> **Records for processing**:
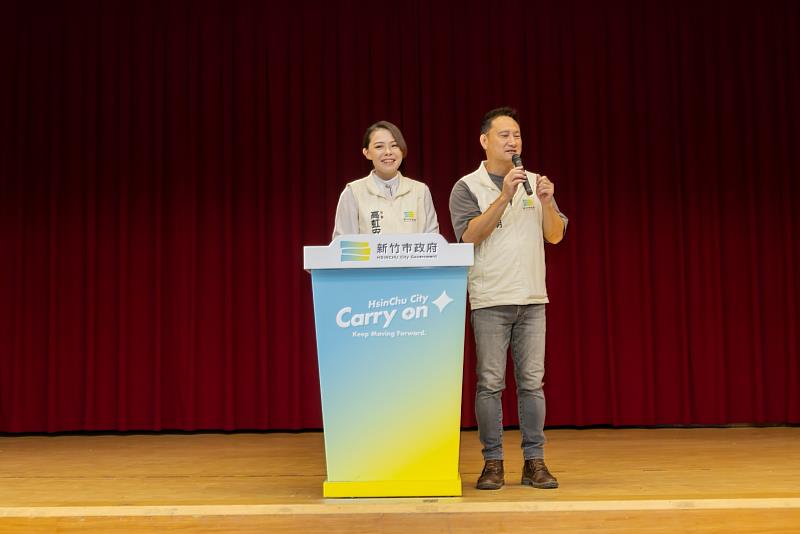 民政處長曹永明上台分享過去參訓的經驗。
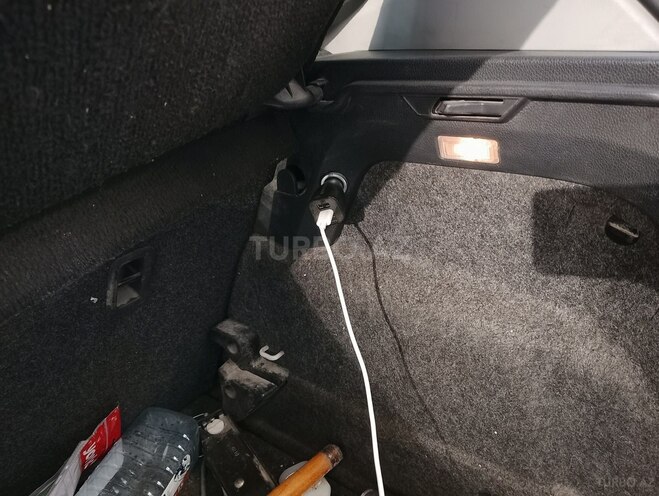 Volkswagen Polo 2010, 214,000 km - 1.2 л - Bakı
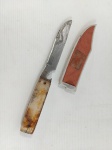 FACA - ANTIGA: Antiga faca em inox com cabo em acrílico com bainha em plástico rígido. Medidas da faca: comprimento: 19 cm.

==

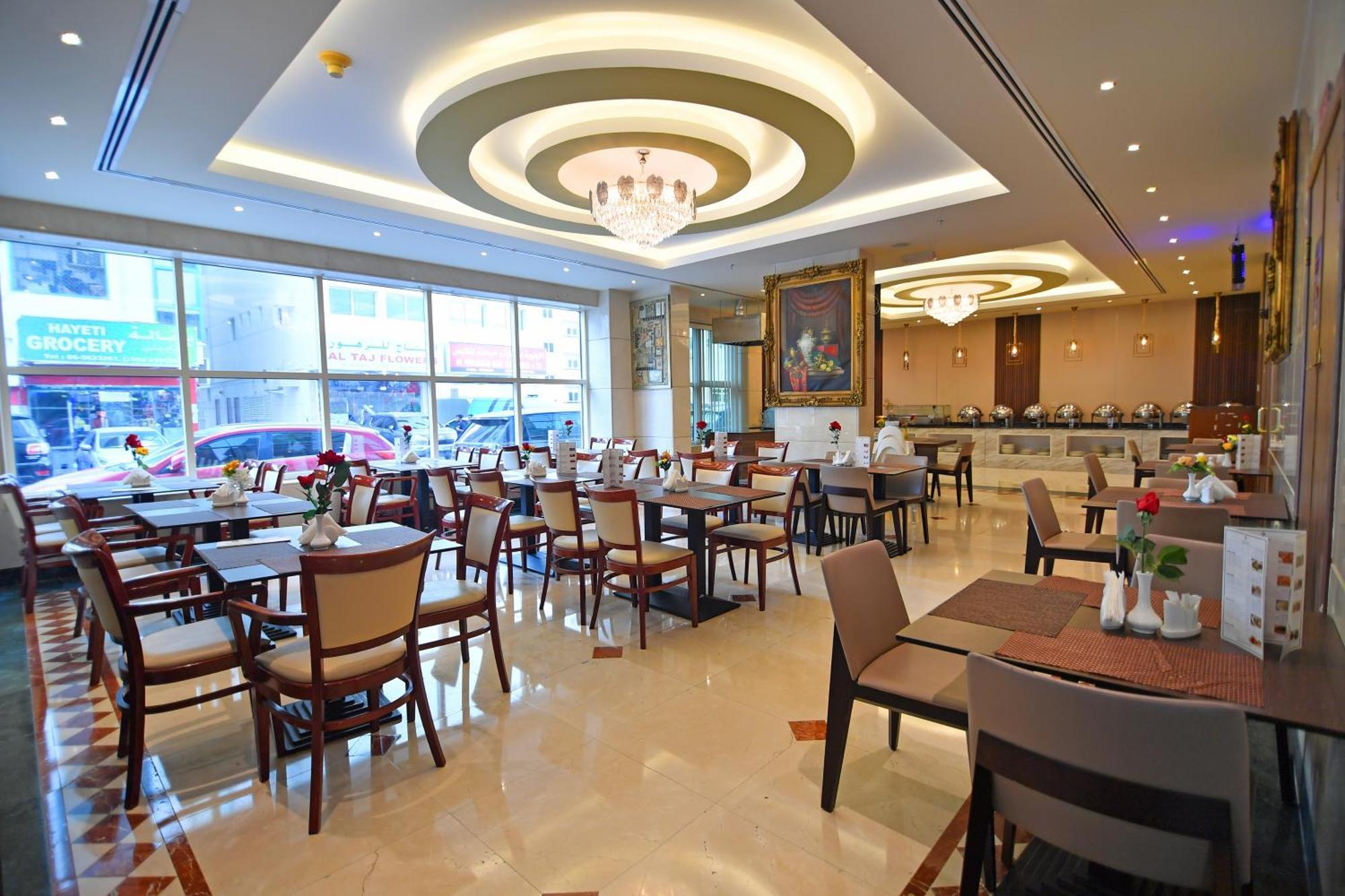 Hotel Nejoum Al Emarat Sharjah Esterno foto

> **Exercise details**: What you need to produce is an exact copy of the entries above, limited to the lines from the one with "民政處長曹永明上台分享過去參訓的經驗。" up to and including the one with "FACA - ANTIGA: Antiga", without pictures.

> **Response box**:
 民政處長曹永明上台分享過去參訓的經驗。
 Volkswagen Polo 2010, 214,000 km - 1.2 л - Bakı
 FACA - ANTIGA: Antiga faca em inox com cabo em acrílico com bainha em plástico rígido. Medidas da faca: comprimento: 19 cm.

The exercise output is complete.